▶ [Supplied material]:

· · · ·

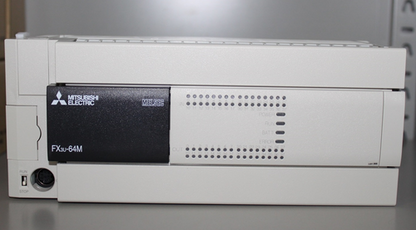 Mitsubishi FX3U-64MT/ES-A Programmable Controller One FX3U64MT/ESA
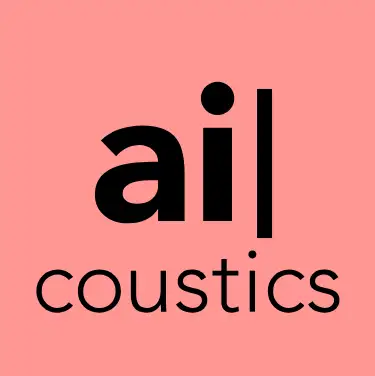 coustics ai icon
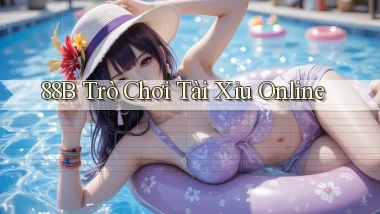 88b trò chơi tài xỉu online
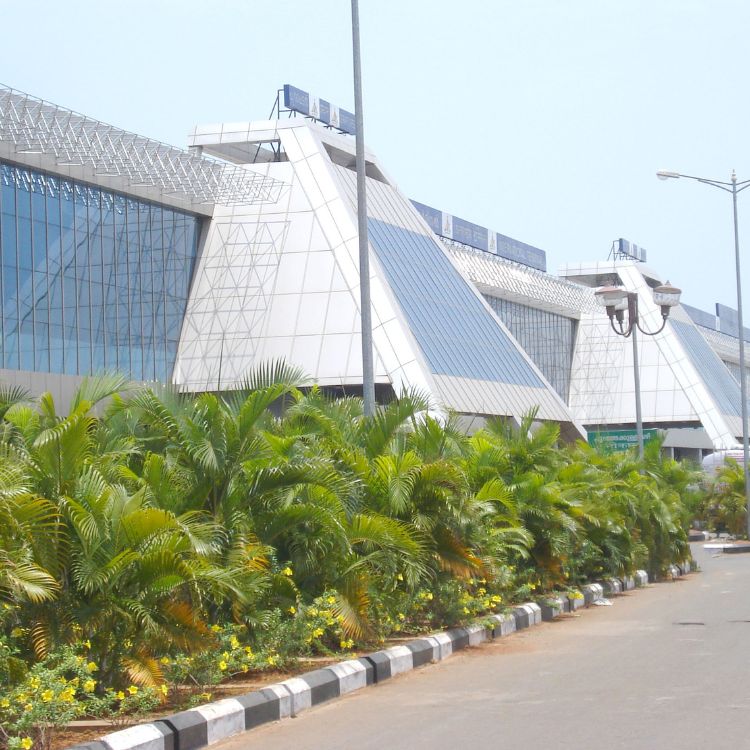 Calicut International Airport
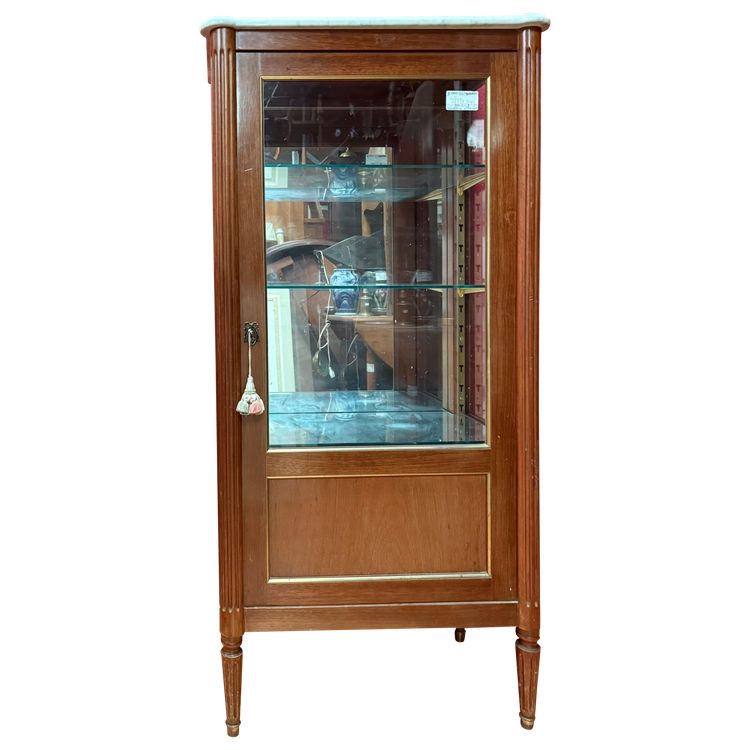 Vitrine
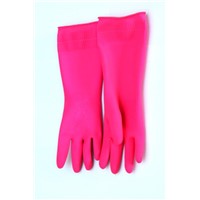 Household Gloves SM (Wrinkle)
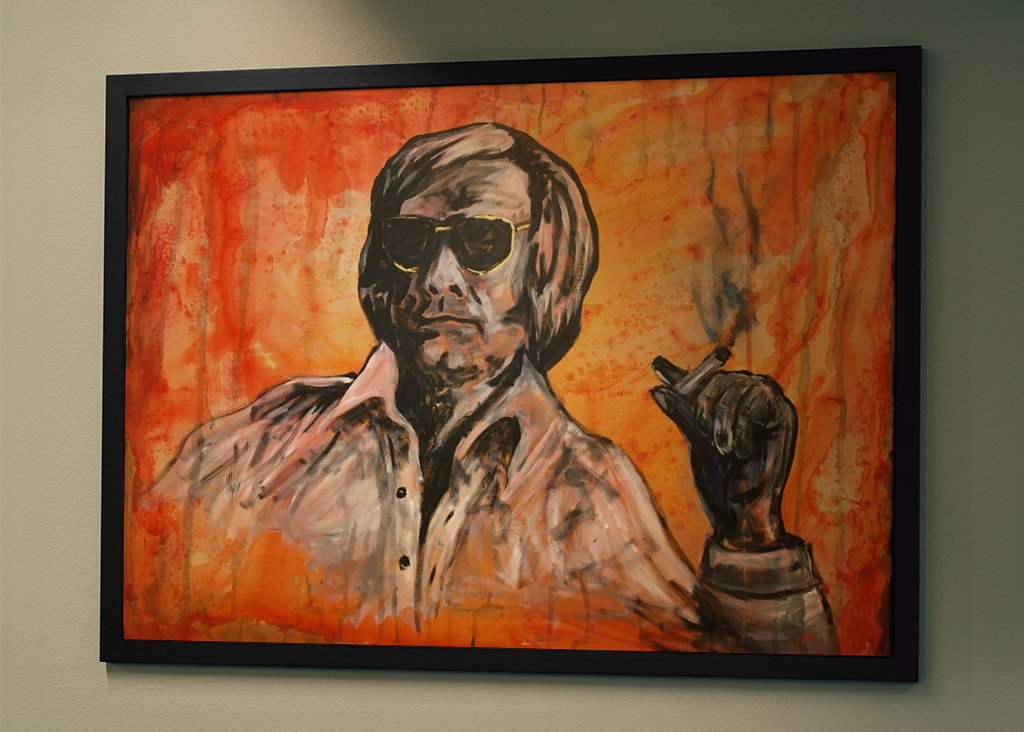 Das Freitags-Feeling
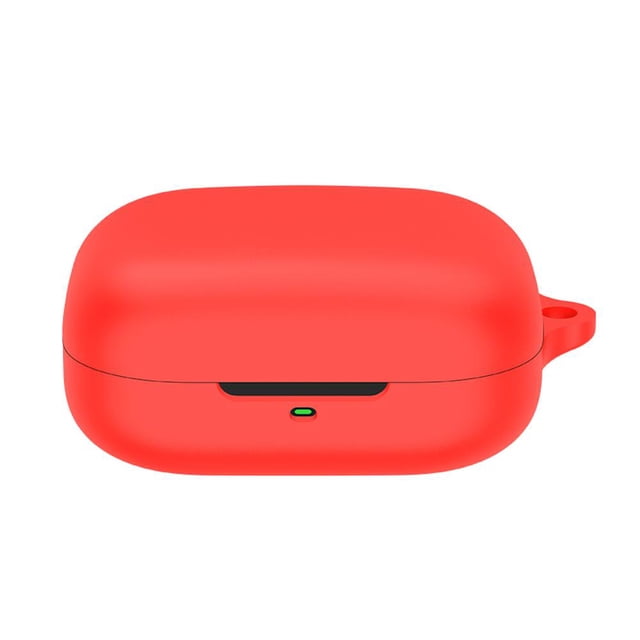 Silicone Earphone Covers Protective Set for Comfort and Durability in 5 Colors
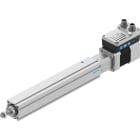 Festo - EPCS-BS-32-150-3P-A-ST-M-H1-PLK-AA Module de vérin électrique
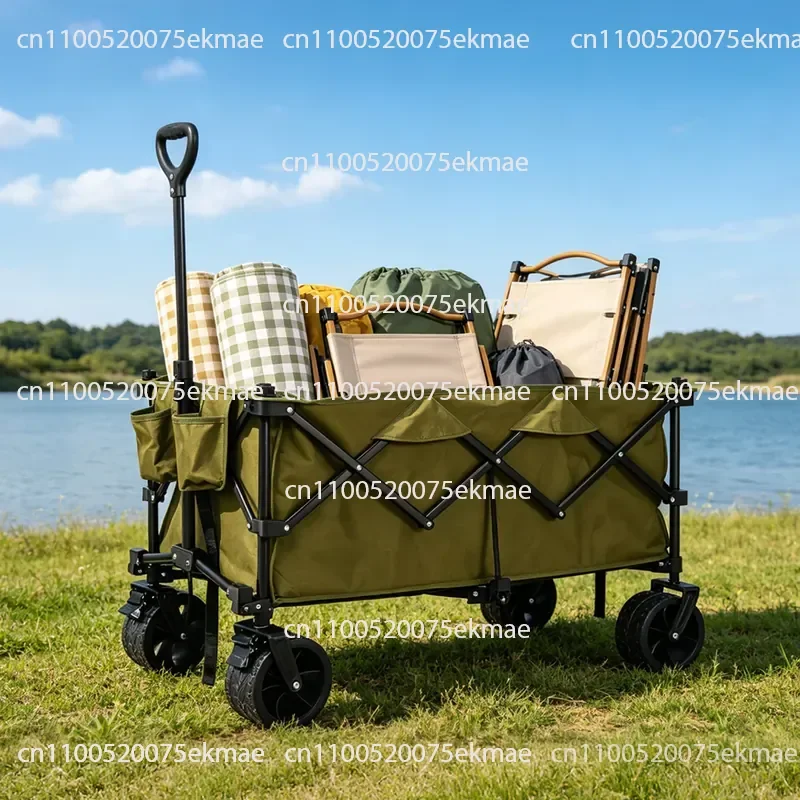 Collection Storage Camper Portable Large Capacity Camper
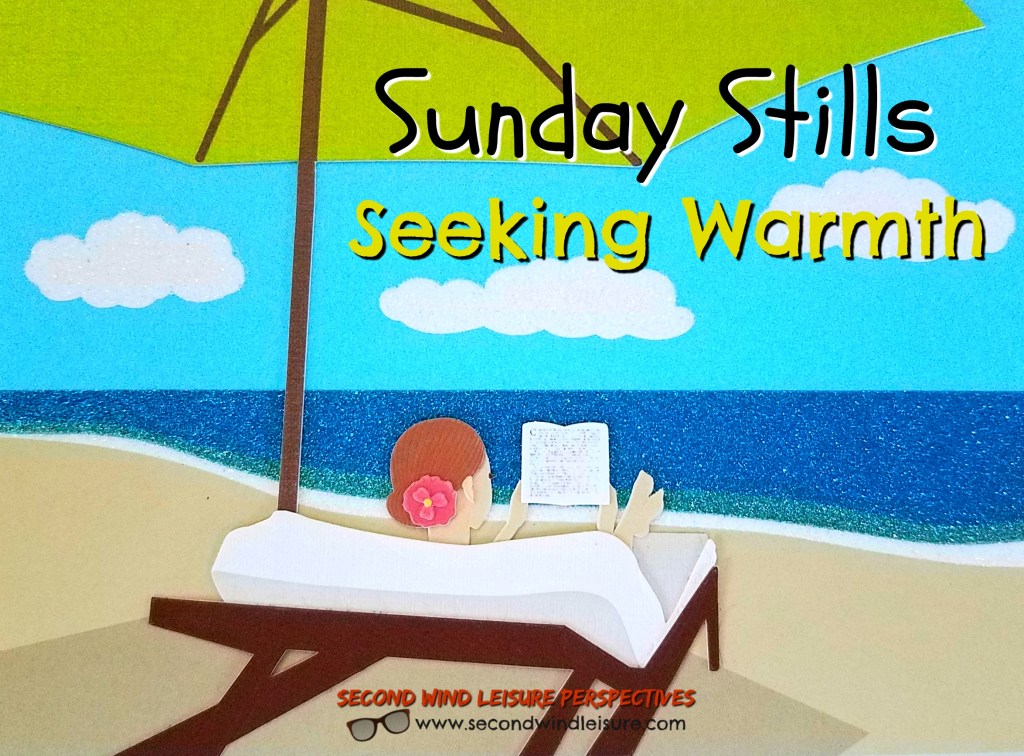 Sunday Stills: Seeking&nbsp;#Warmth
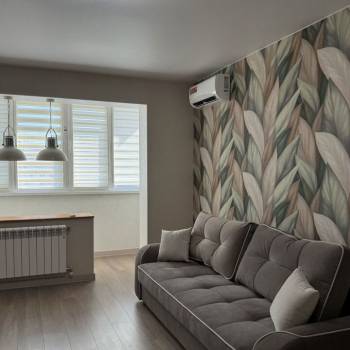 Сдается Многокомнатная квартира, 67,2 м²
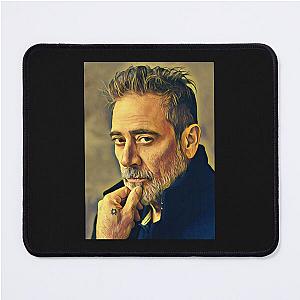 Jeffrey Dean Morgan Mouse Pad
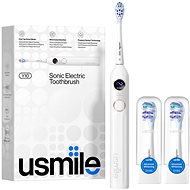 USMILE Y10 White - Electric Toothbrush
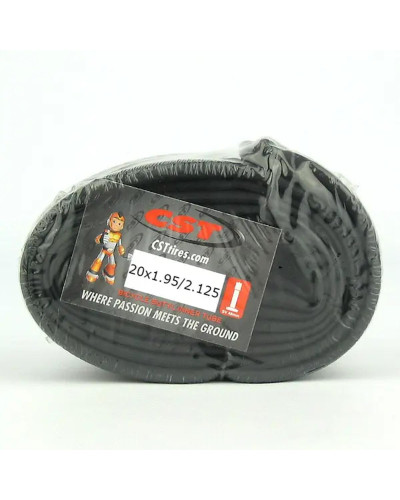 Камера CST 20x1,90/2,125 AV 35мм
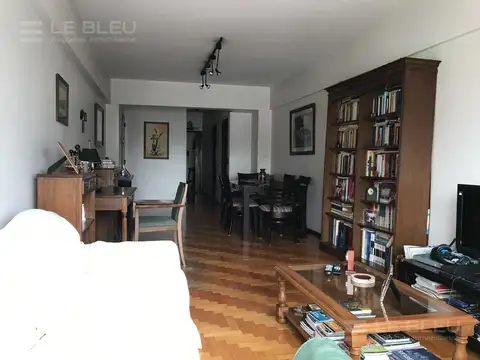 Departamento en Venta en Belgrano, USD 259.000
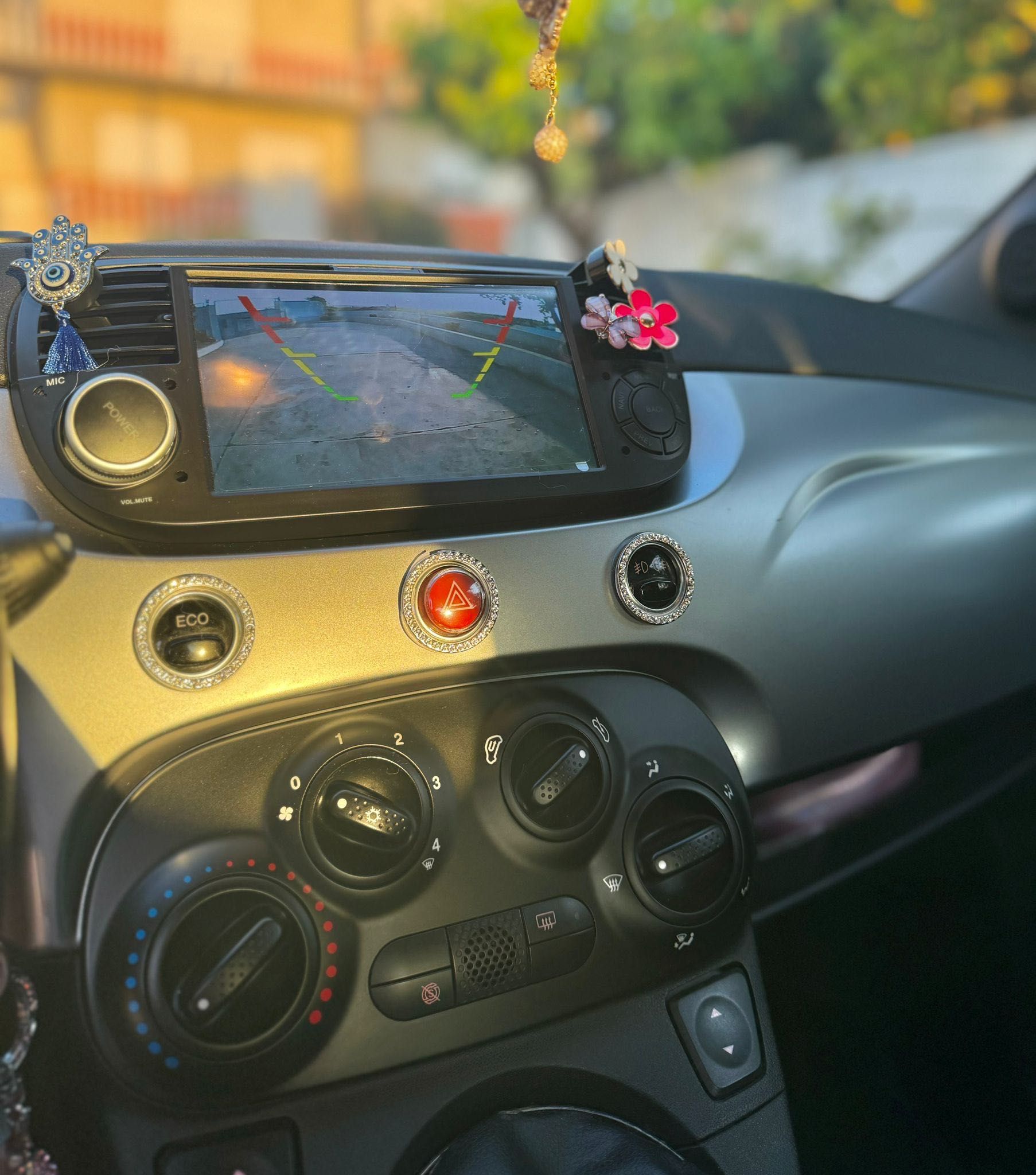 Fiat 500 sport 0.9 twin air 85cv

· · · ·

▶ [Your assignment]: Having found the line with "Das Freitags-Feeling" and the line with "Collection Storage Camper" in the material above, write out exactly those two and every line between, leaving the pictures out.

▶ [Answer to this task]:
 Das Freitags-Feeling
 Silicone Earphone Covers Protective Set for Comfort and Durability in 5 Colors
 Festo - EPCS-BS-32-150-3P-A-ST-M-H1-PLK-AA Module de vérin électrique
 Collection Storage Camper Portable Large Capacity Camper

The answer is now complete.